To say that Demon Warriors is a mess of a film is putting it far too lightly. Anyone that can actually make sense out of every bit of the film either graduated from Harvard or is related to Superman villain Brainiac; heck, I’d give you a pat on the back if you can follow half of what goes on in the film. I guess I shouldn’t be so surprised, this coming from the same group of guys that made Ong-Bak, a film that’s heralded by many but I found to be a huge mish-mash in its own right. But even if you felt that way yourself about Ong-Bak, it’s a masterpiece of sequential storytelling in contrast to Demon Warriors. Yes, it’s that bad.

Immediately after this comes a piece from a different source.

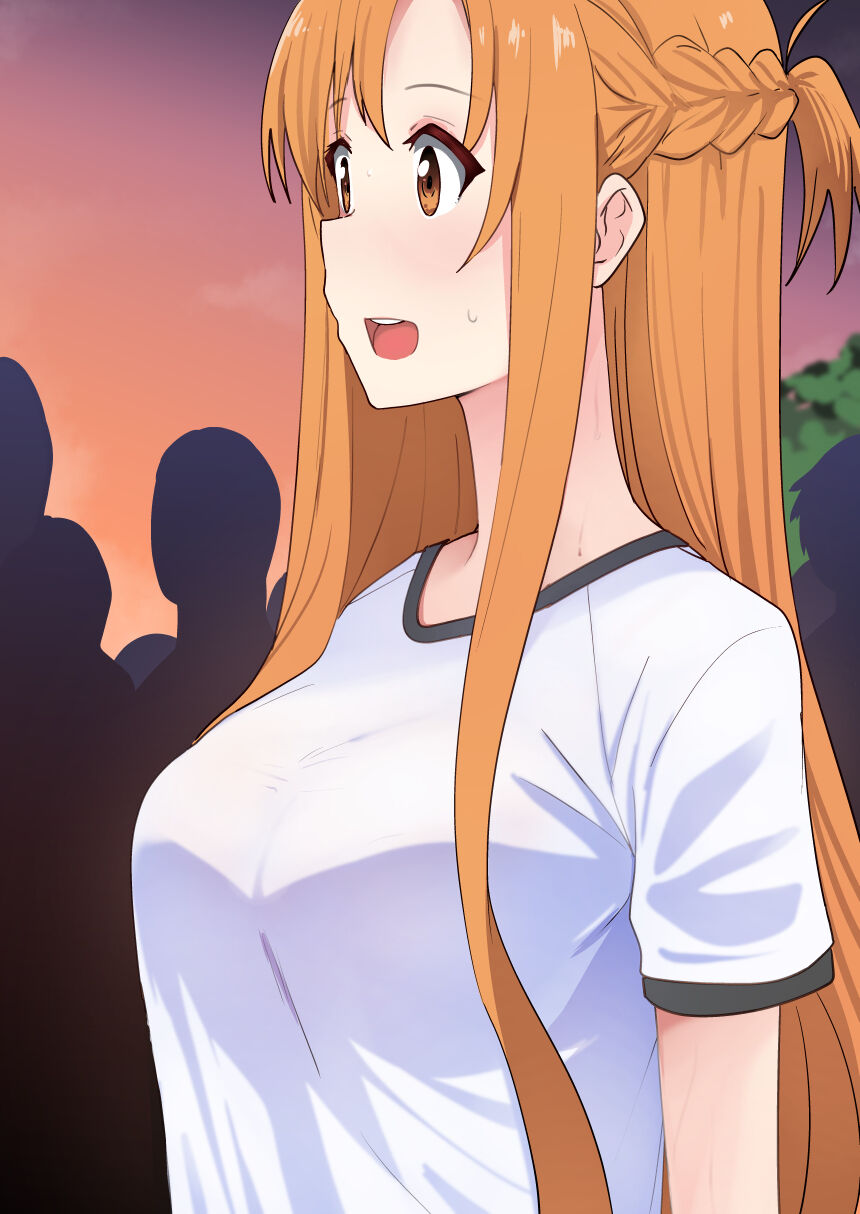 0 page 1 full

And it’s all actually totally unnecessary. Demon Warriors has a pretty cool basis, but it overly complicates nearly every aspect which results in mind-numbing confusion. There’s lots of spiritual mumbo-jumbo tossed in that maybe makes sense and strikes a chord in Thailand, but it doesn’t translate well at all. You may think that the complications arise from overstating certain situations and explaining things too much. You’d be right to an extent, yet these boisterous diatribes still leave you in the dark. Through all the explanations about how the Opapatikas came to be, the rules of being one, and so on, I still didn’t understand shit. Hell, I didn’t even really get why some are good and some are bad. At least in something like X-Men you understand why the bad guys do what they do and vice-versa, but in Demon Warriors not so much. It feels like we’ve been dumped into the middle of something and we’re just expected to go along for the ride.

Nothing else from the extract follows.